26 July 2007

simple observations

As I sit on the upstairs balcony of the Mission House, my senses are overwhelmed by the passing afternoon, by urban Africa.

My ears accept a barrage of noises from a city that seems to be in it’s adolescence. This city, this Joburg, is growing at an incredible clip.

A jackhammer pounds away - at what, I do not know. It is joined by other construction noises coming from the lot across the street, where a narrow strip of African savannah is soon to be replaced by multistory condos, complete with covered parking and an electrified security fence around the perimeter.

The sound of motor cars, squealing breaks, hooting horns, and rumbling diesel engines, never ceases. The South African taxi, the informal instrument of mass transit, spends it’s day hooting away at those walking beside the street. The driver is desperate to fill one of his 16 seats with a customer going his way. If he can attract one, he will earn less than a dollar for the trip, which can be many miles long.

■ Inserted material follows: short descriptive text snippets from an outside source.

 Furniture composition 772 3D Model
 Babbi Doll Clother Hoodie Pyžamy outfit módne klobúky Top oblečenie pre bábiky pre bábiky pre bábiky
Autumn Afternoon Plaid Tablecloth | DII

A siren can be heard in the distance. It draws closer. Louder. I watch the BMW hatchback with lights flashing fly by, certainly on it’s way to something gruesome or terrible or, for Joburg, very common. Sirens are not infrequent. There are two sets of police, the fire department, and countless “private security” firms that all race around in response to the astronomical crime rate.

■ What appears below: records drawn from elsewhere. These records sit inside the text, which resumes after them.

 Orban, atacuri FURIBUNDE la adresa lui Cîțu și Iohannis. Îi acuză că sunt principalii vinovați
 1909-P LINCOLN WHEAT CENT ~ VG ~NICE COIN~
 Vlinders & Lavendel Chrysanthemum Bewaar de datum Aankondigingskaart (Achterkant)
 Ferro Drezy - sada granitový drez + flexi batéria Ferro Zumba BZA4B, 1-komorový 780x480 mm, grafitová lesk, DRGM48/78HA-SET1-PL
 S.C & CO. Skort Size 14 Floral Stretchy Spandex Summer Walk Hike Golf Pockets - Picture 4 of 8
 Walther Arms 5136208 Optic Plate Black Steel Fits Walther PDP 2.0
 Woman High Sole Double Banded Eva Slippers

Somewhere in all of the angry noise of the urban landscape, wild Africa still penetrates. A large, gray, sickle-beaked bird (which Willie almost surely incorrectly calls a “doo-da”) sqwuaks and pecks around the grounds here. I assume that it eats worms or bugs or something down in the dirt, as it spends it’s day making an incredible noise and poking it’s perfectly curved beak into the ground. Other, more delicate, birds join the symphony. A bright yellow-bird flutters around chirping innocently. Other colorful birds, some of which look like they must have escaped from a pet store (only they are normal in Africa) play and dance away the day. It has been unseasonably warm lately, lulling the wildlife into thinking that winter is ending and spring is near. I also hear what I think is a frog, although it could be crickets or some other unknown species. It is rhythmic and soothing, nonetheless.

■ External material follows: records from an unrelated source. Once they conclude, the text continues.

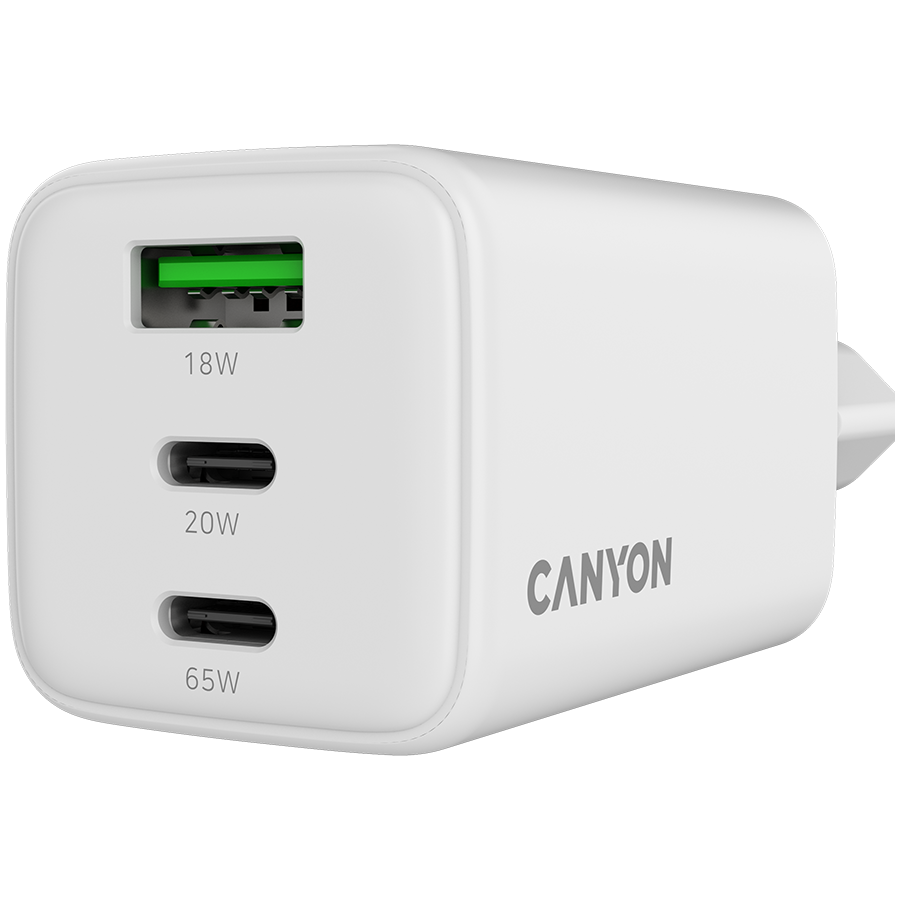 Punjač CANYON CU65ACC (65 W, 2xUSB-C, 1xUSB Type A, GaN Technology)-4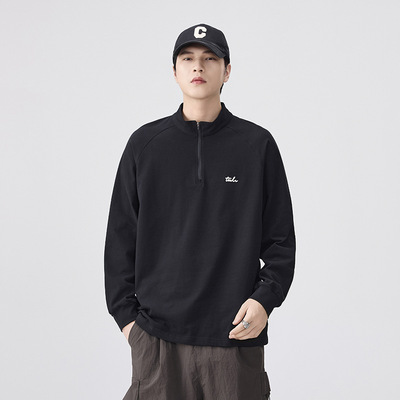 男士半拉链纯棉速干卫衣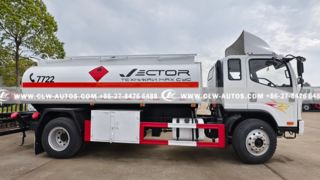 Caminhão tanque de combustível móvel FAW 4x2 com dispensador Censtar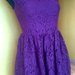 Violetinė mini suknelė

My surreal retreat into the jungle is cut short by a dump truck backing up. It’s song is also rhythmic, although nowhere near as soothing. It is joined by a city bus, gray and double-decked with bold, blue “METROBUS” scrawled along the side, pulling up and stopping in front of the house with the familiar “whoosh” of it’s air-brakes. It is then passed by a yellow Ferrari, roaring down the street. The amount of wealth in this country is stunning. A few days ago, there was a parade of Ferraris through Soweto, one of the most infamous shantytowns in the world. Yesterday, the police responded to a protest in that same Soweto by firing tear gas and rubber bullets at a large gathering of residents who were demonstrating for access to electricity and running water. The wealth chasm here is so wide, so obvious.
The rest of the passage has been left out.